*Data for the task:*
==*==

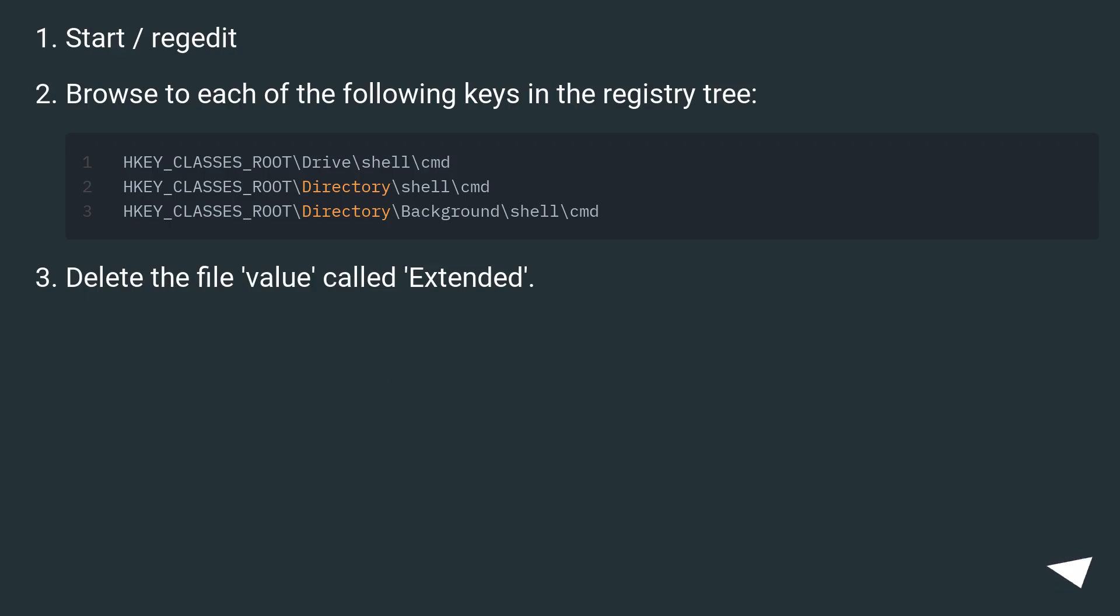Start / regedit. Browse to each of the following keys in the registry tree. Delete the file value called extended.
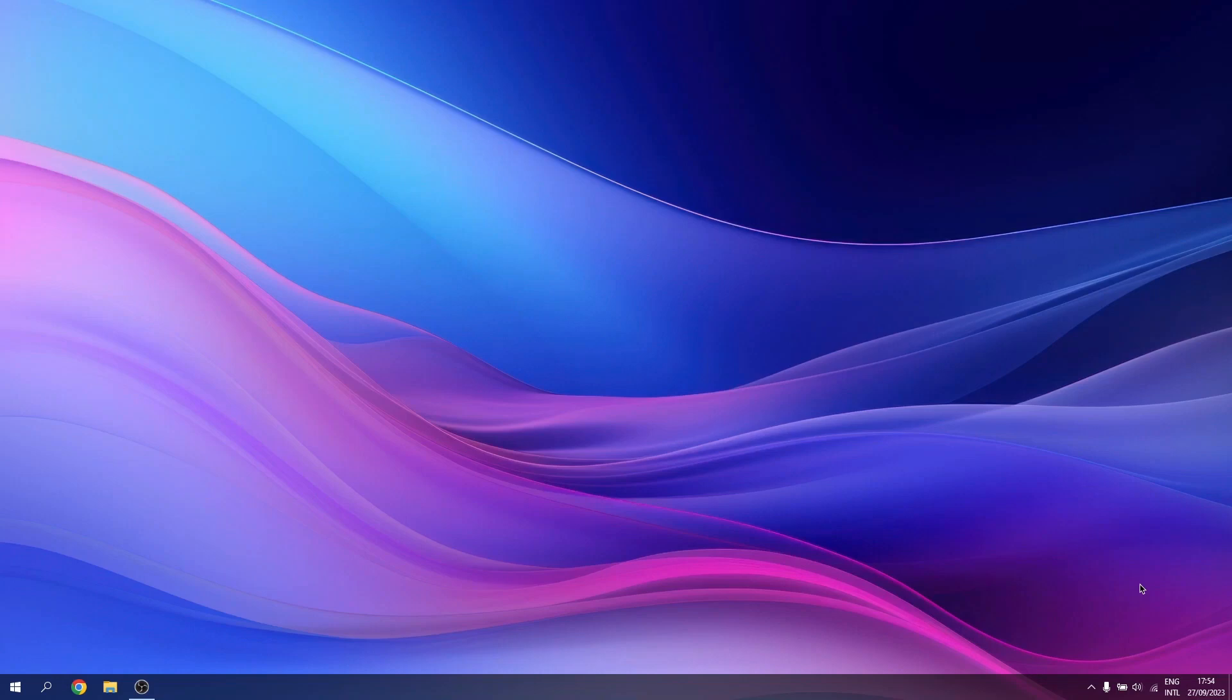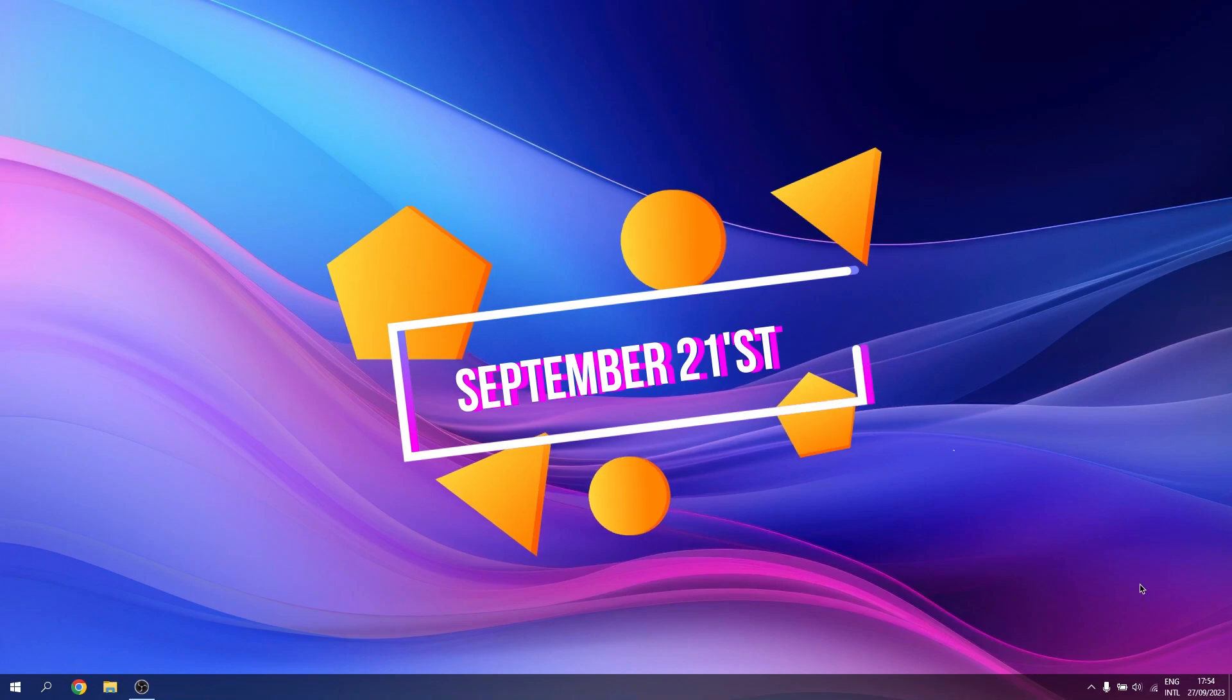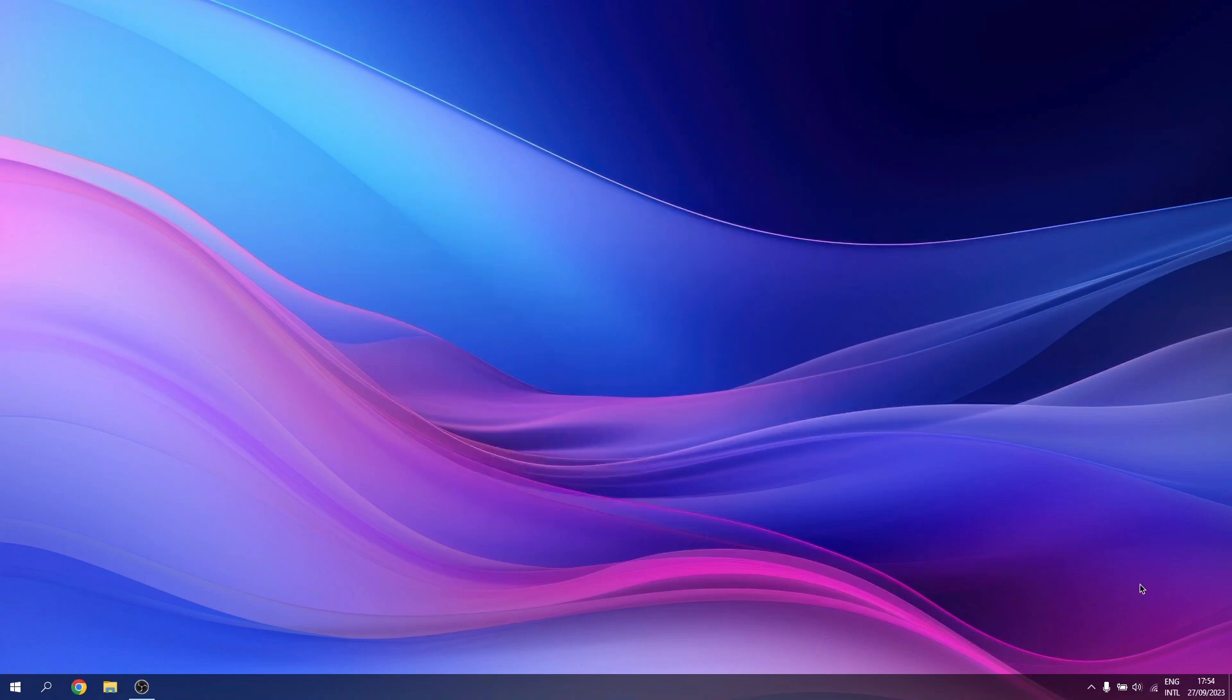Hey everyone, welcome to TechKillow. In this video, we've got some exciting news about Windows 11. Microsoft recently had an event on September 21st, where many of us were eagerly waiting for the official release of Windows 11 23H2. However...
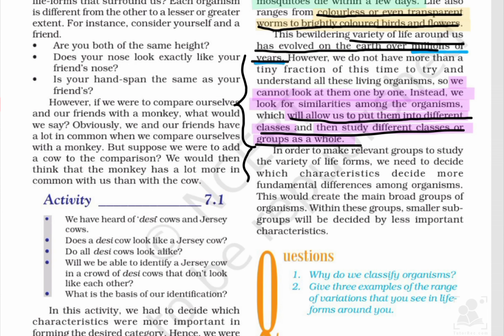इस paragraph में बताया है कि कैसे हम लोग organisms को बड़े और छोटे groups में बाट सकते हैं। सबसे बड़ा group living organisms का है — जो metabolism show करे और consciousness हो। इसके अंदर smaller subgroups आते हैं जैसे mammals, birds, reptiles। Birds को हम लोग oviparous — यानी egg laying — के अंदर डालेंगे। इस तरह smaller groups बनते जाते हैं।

==*==

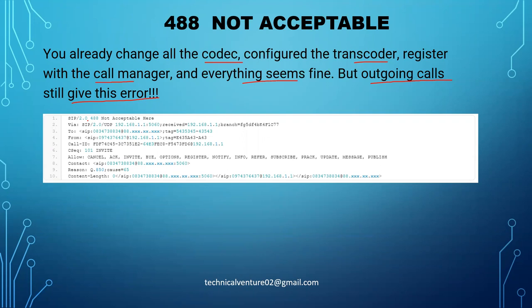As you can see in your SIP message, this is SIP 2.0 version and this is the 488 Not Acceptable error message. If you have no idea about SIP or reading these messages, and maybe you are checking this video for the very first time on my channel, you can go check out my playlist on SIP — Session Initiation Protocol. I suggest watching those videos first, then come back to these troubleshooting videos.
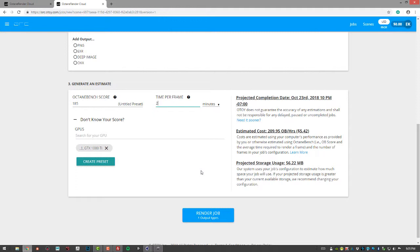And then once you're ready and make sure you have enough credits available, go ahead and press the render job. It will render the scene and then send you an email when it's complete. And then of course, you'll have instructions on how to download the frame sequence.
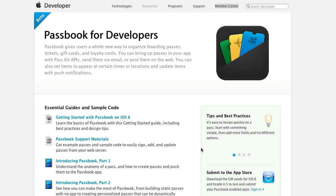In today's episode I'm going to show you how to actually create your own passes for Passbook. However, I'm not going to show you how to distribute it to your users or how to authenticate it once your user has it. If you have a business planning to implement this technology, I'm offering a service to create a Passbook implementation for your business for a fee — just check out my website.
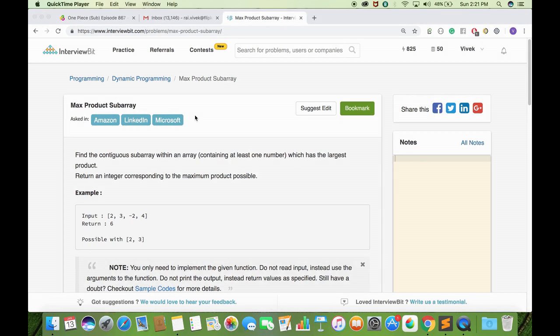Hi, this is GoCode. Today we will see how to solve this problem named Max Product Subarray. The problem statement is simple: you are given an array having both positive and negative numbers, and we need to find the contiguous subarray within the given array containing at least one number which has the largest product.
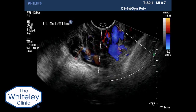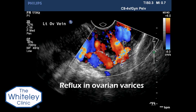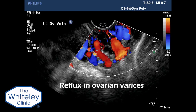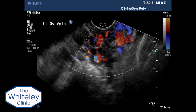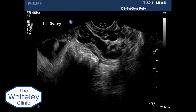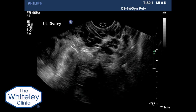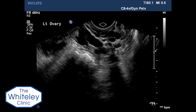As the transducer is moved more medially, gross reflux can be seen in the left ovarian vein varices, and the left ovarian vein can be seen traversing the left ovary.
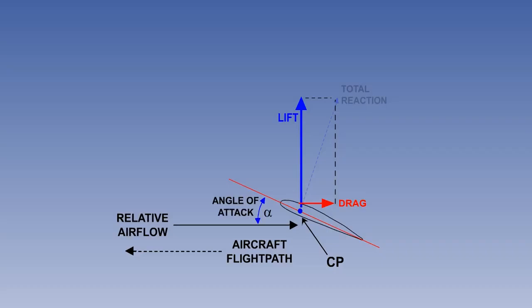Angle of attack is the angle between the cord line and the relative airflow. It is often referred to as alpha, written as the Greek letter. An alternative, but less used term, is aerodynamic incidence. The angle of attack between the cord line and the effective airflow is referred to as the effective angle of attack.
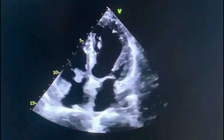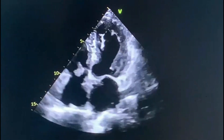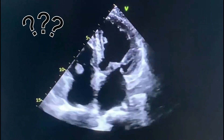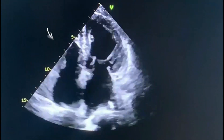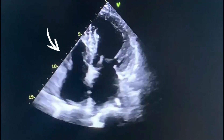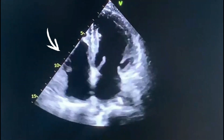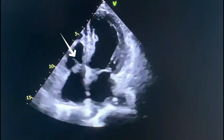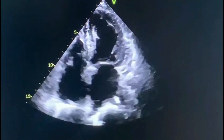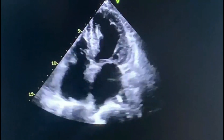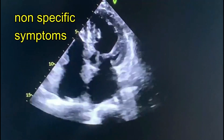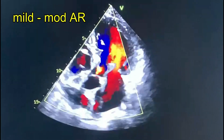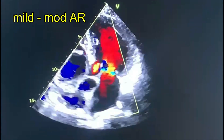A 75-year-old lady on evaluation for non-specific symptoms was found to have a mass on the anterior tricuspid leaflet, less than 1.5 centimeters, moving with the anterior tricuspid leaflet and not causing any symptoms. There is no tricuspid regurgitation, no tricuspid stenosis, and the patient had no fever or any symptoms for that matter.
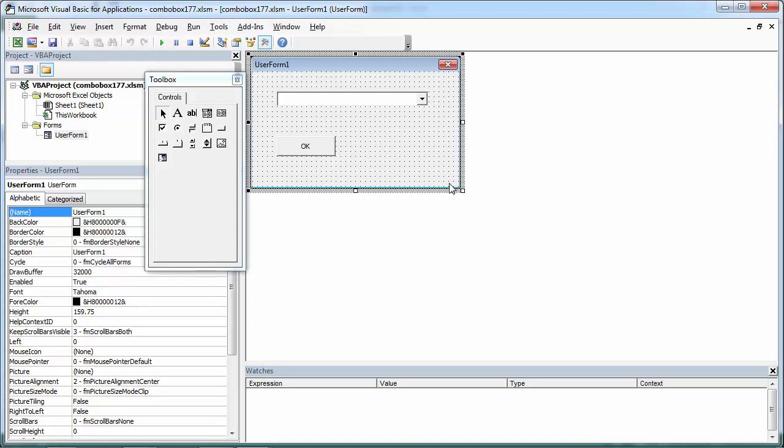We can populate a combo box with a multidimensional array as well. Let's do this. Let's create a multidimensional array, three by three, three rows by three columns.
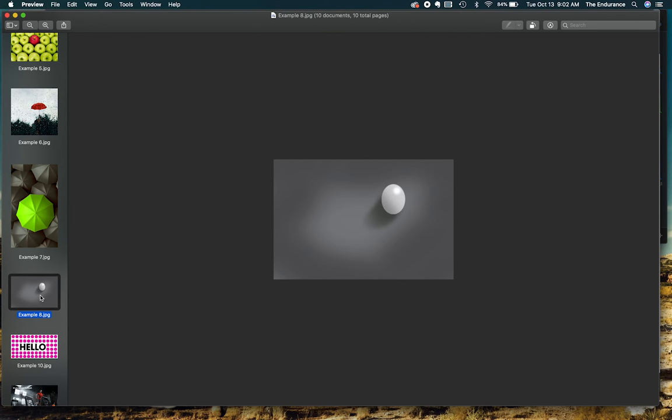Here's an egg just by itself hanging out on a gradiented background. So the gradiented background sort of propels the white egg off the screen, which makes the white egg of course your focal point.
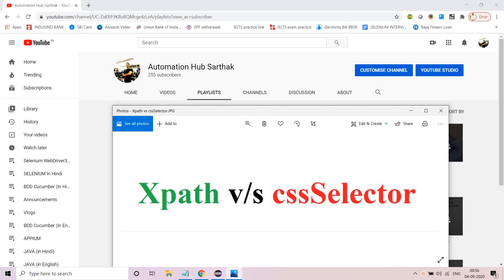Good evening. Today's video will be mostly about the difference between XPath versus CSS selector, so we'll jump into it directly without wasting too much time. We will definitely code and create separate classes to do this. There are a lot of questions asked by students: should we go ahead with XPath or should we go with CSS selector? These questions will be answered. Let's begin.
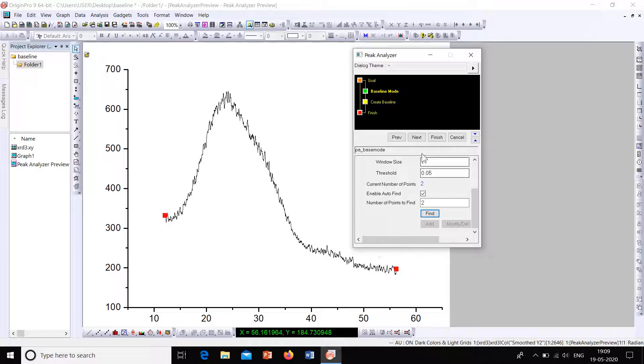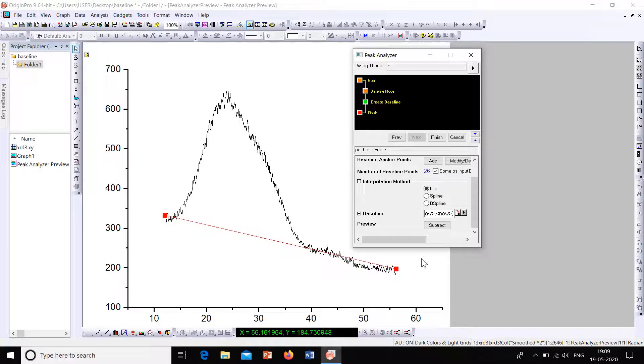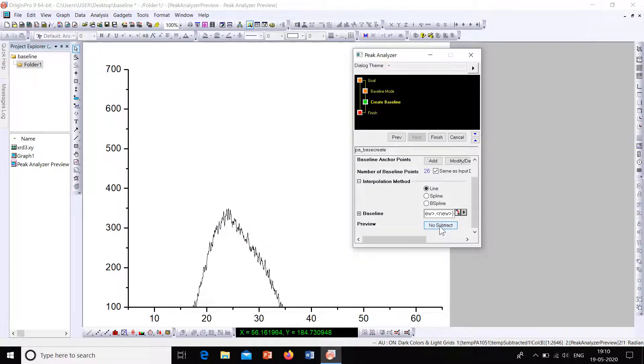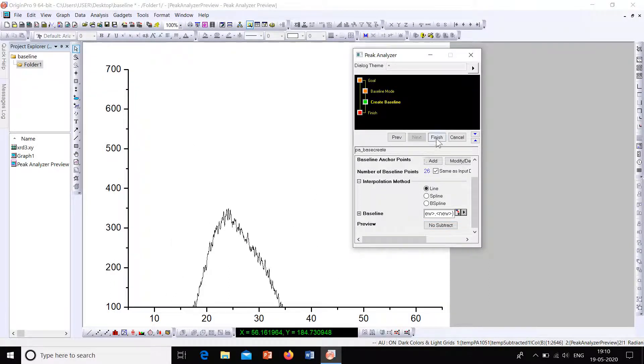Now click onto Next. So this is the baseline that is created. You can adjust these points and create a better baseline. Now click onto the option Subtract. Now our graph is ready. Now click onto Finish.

==*==

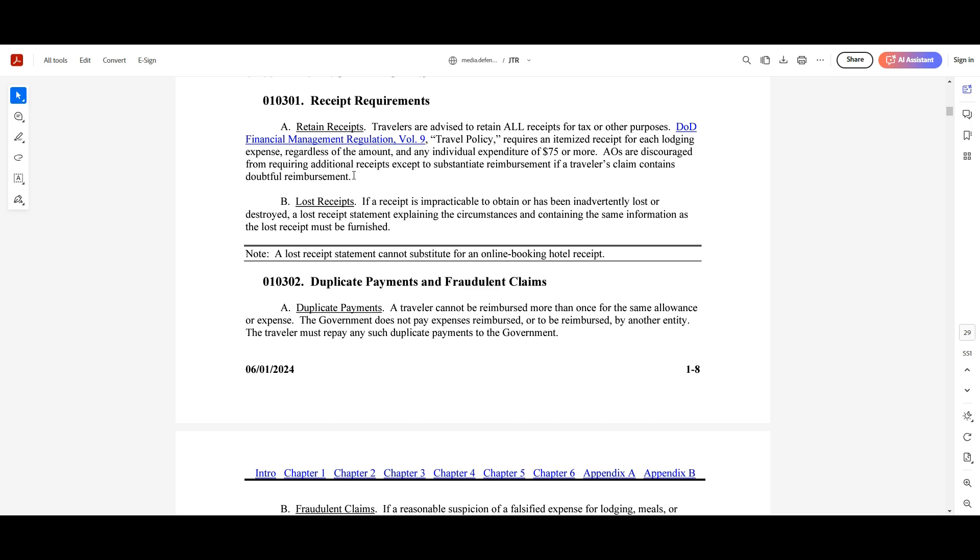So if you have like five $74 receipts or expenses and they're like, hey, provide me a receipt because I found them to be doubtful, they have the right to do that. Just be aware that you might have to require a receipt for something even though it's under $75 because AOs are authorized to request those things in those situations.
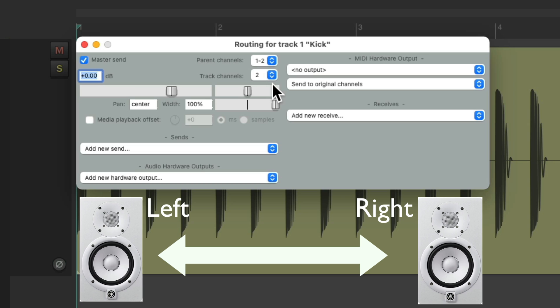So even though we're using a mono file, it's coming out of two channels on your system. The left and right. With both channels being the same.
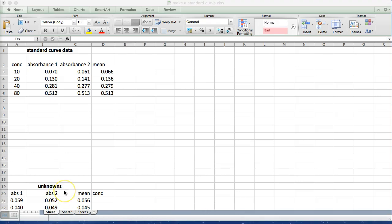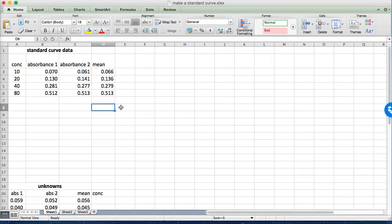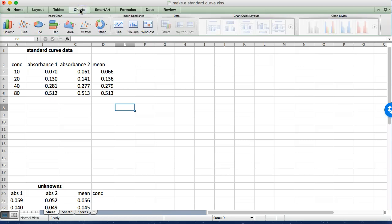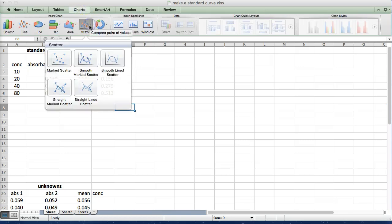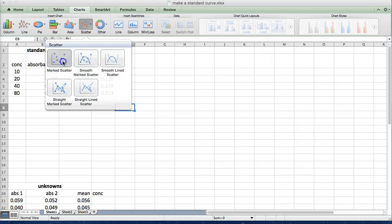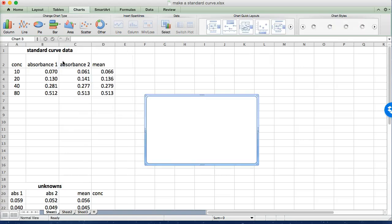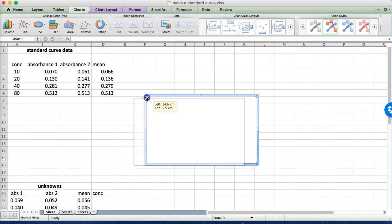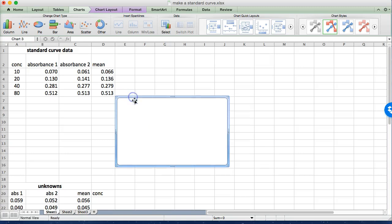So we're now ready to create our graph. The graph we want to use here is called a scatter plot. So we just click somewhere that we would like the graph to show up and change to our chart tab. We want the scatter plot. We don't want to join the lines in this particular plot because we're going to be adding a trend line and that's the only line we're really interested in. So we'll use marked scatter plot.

==*==

*What to produce:*
Pictures do not belong in the answer. Return the lines above starting at the one with "In today's episode" and ending at the one with "As the transducer", both kept, exactly.

*Task response:*
In today's episode I'm going to show you how to actually create your own passes for Passbook. However, I'm not going to show you how to distribute it to your users or how to authenticate it once your user has it. If you have a business planning to implement this technology, I'm offering a service to create a Passbook implementation for your business for a fee — just check out my website.
Hi, this is GoCode. Today we will see how to solve this problem named Max Product Subarray. The problem statement is simple: you are given an array having both positive and negative numbers, and we need to find the contiguous subarray within the given array containing at least one number which has the largest product.
As the transducer is moved more medially, gross reflux can be seen in the left ovarian vein varices, and the left ovarian vein can be seen traversing the left ovary.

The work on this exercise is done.